La Cour de cassation, par trois arrêts de sa première chambre civile rendus le 24 janvier 2006 reprend à la lettre le raisonnement européen, en ce qu'il articule le droit fondamental de propriété et l'application dans le temps des règles issues de la jurisprudence.

Dans une affaire ultérieure, la Cour de cassation a eu à connaître d'un cas différent puisque la victime n'avait pas agi en justice avant l'adoption de la loi "anti-Perruche",ce qui pouvait faire penser qu'elle ne pouvait plus bénéficier de la "jurisprudence Perruche", mais son dommage était pourtant constitué avant l'adoption de cette loi.

La Cour de cassation a estimé que le critère pertinent n'est pas la date de la demande en justice mais la date de réalisation du dommage, ce qui rendait la victime recevable à se prévaloir des effets, bienheureux pour elle, de la "jurisprudence Perruche".

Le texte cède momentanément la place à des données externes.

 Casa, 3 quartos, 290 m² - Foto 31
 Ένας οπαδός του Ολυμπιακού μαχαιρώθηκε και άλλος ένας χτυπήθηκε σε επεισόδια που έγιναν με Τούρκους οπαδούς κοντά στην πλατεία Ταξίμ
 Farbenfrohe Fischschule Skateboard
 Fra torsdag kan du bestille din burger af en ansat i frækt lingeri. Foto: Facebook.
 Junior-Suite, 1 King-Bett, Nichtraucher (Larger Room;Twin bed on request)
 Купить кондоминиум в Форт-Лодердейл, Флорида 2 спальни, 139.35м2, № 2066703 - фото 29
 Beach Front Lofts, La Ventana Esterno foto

Suite à une question prioritaire de constitutionnalité, le Conseil constitutionnel a été amené à rendre une décision le 11 juin 2010 sur le caractère constitutionnel de cette loi.  Le Conseil estime que la loi, qu'il désigne lui-même sous le qualificatif de "loi dite anti-Perruche", est en majeure partie conforme à la Constitution, notamment en ce qu'elle exclut la responsabilité des médecins pour ce type d'erreurs de diagnostic. Mais  il rappelle que si le législateur peut modifier le droit rétroactivement, c'est à la condition de poursuivre un but d'intérêt général suffisant et de respecter les décisions de justice ayant force de chose jugée. Le Conseil estime que si des motifs d'intérêt général pouvaient justifier que l'enfant né atteint d'un handicap soit privé de son droit d'agir en justice pour les instances à venir, en revanche les motifs d'intérêt général pris en considération par le législateur n'étaient pas suffisamment impérieux pour que les nouvelle règles soient immédiatement applicables aux "instances à venir  relatives aux situations juridiques nées antérieurement".

Il convient donc de faire plusieurs courtes observations.

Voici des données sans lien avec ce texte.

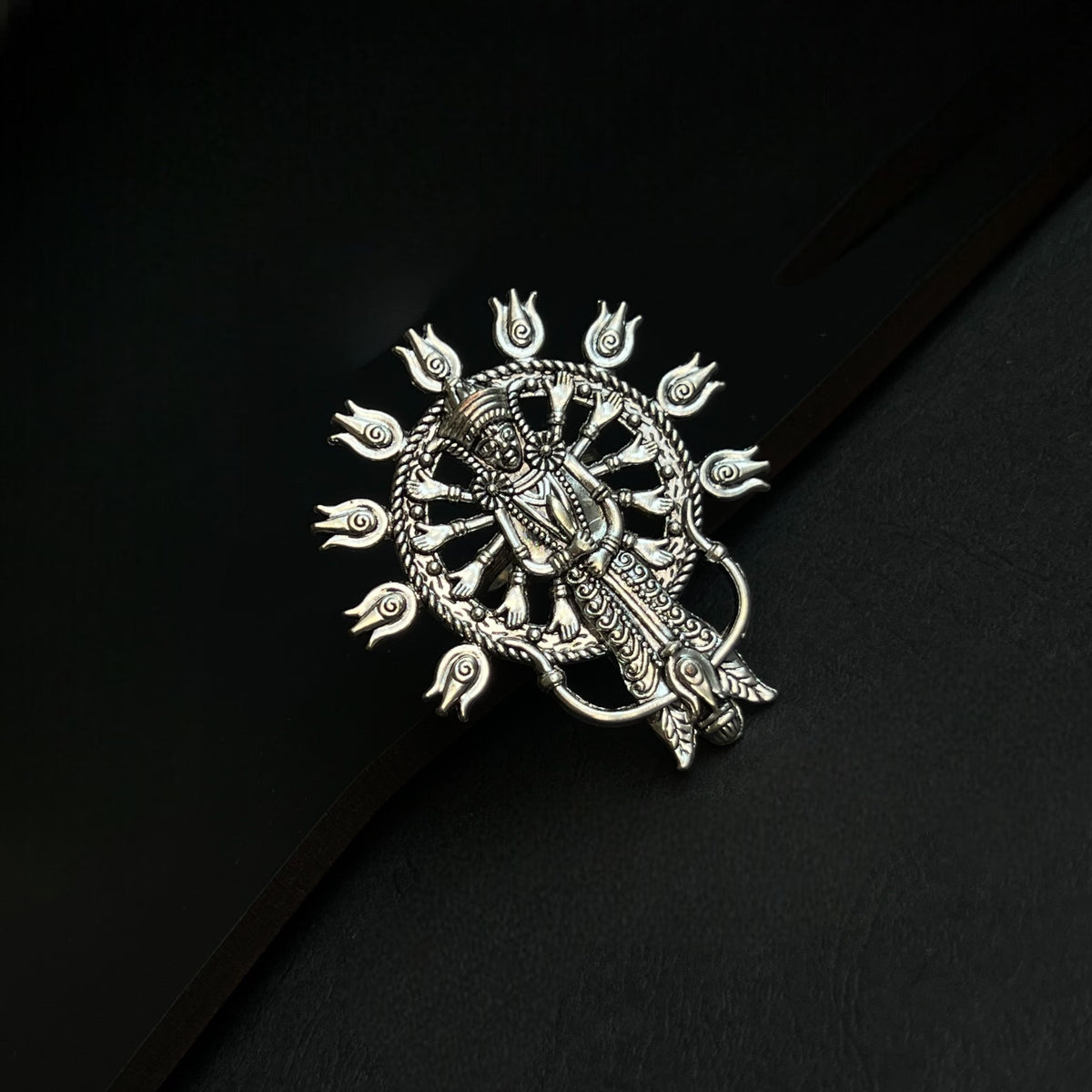 AARIKA OXIDIZED MULTI FINGER RING R24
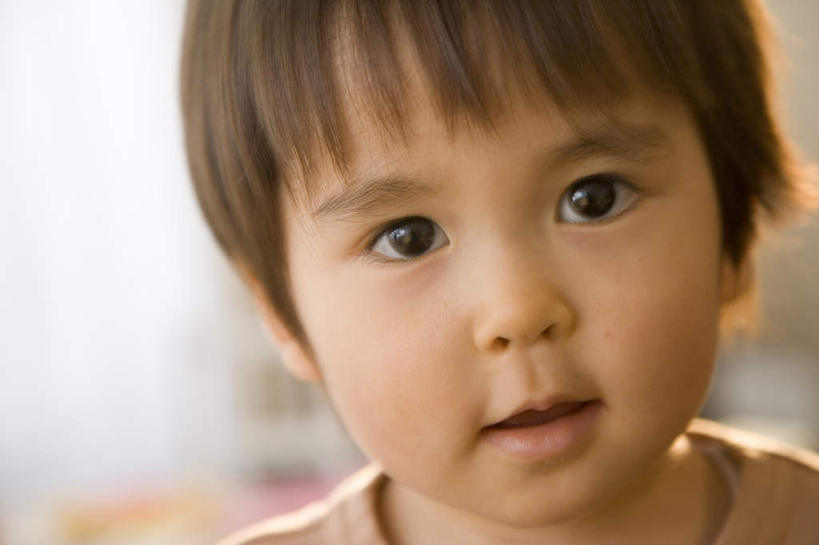 东方人,儿童,脸,头,脸颊,头发,一个人,站,笑,微笑,露齿笑,横图,室外,特写,白天,正面,纯洁,亚洲,仅一个女性,仅一个人,服装,朦胧,模糊,注视,休闲装,黄种人,小孩,衣服,黑色,灰色,观察,看,站着,仅一个小孩,休闲,休闲服,可爱,童年,童趣,服饰,观看,察看,关注,童真,烂漫,无邪,天真,女孩,女人,女性,亚洲人,孩子,头部,脸部,脸蛋,面部,站立,半身,彩图,女生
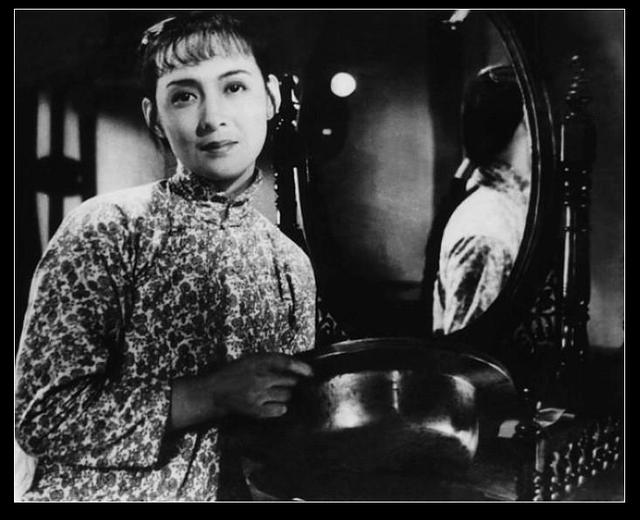 16岁演丫鬟60岁下海，港沪四美，曾受里根总统邀请，今获上影节大奖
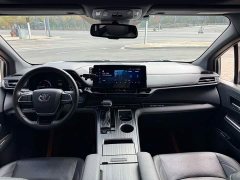 Toyota Sienna 2.5L Hybrid Premium Edition - ფოტო 6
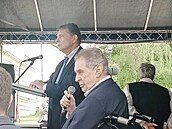 Bývalý prezident Milo Zeman pijel na mítink do Teplic podpoit expremiéra...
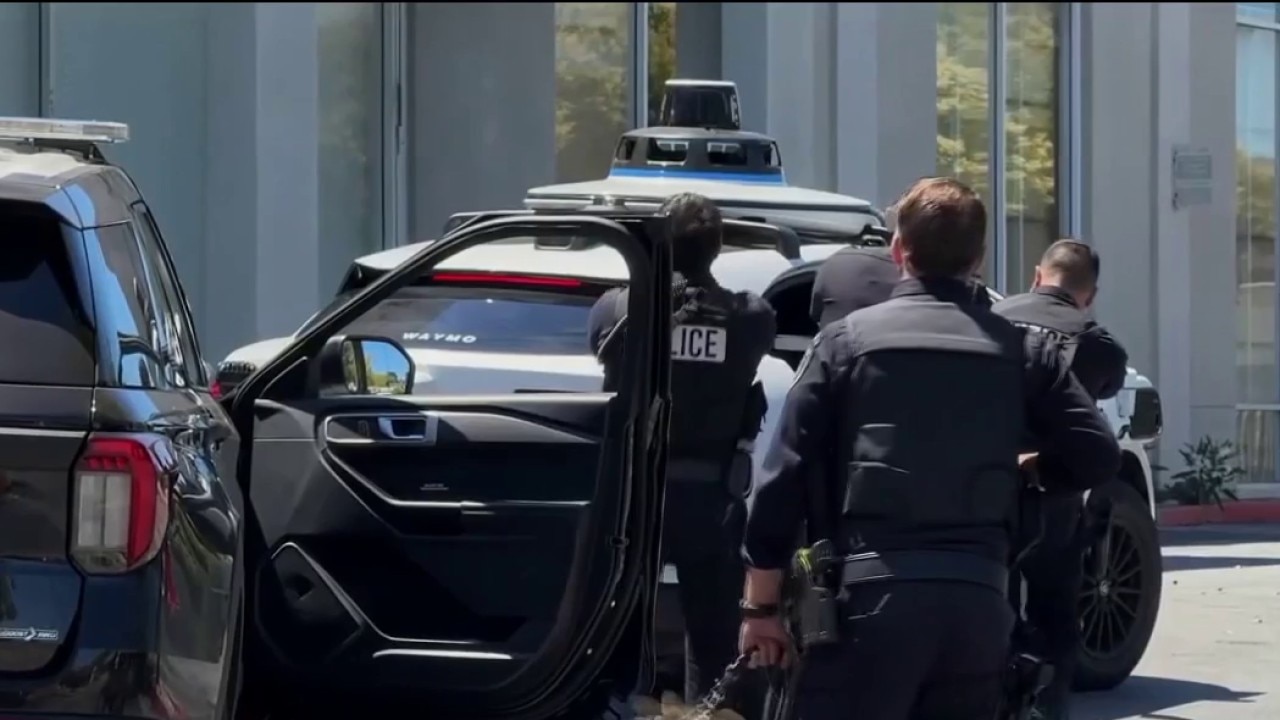 Waymo pulls over, tells police about teens' illegal actions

Tout d'abord, au final, le Conseil constitutionnel finit par reprendre à la lettre près exactement la solution de la Cour de cassation de 2008, laquelle n'avait fait qu'affiner sa solution de 2006, laquelle n'avait fait que reproduire la solution européenne de 2005. Ces solutions juridictionnelles étaient venues contourner très habilement la volonté du législateur exprimée dans la loi de 2002, qui s'était opposée frontalement à la solution juridictionnelle de 2000.

On mesure ainsi que d'une part, dans ce que Philippe Malaurie qualifie de combat entre la jurisprudence et la loi, les juges sont souvent plus habiles que le législateur, lequel présume souvent de son pouvoir, en en faisant usage comme d'une masse, mais finit par être recouvert par des décisions multiples et très fines venues de touts les cotés, de tous les ordres juridictionnels.

En outre, dans cette célèbre affaire Perruche, on sait que le Premier Président Guy Canivet imposa la solution de l'Assemblée plénière du 7 novembre 2000, époque où il dirigeait la Cour de cassation, et on peut penser qu'il joua son rôle dans le décision du Conseil constitutionnel du 11 juin 2010, Conseil où il siège actuellement. Ainsi, la permanence du juridictionnel joue en sa faveur. Le législateur intervient ainsi brutalement et par à-coups, la jurisprudence utilise son pouvoir dans une méthode qui corresponde davantage à celle qu'inculque l'art de la guerre en Chine. (voir par exemple l'article de Jacques-Antoine Robert et Sophie Mahé : le Conseil constitutionnel face au dispositif anti perrcuehe Gazette du Palais du 14 octobre 2010 p.12-16, qui vise les diverses décisions et commentaires pertinents sur cette affaire.)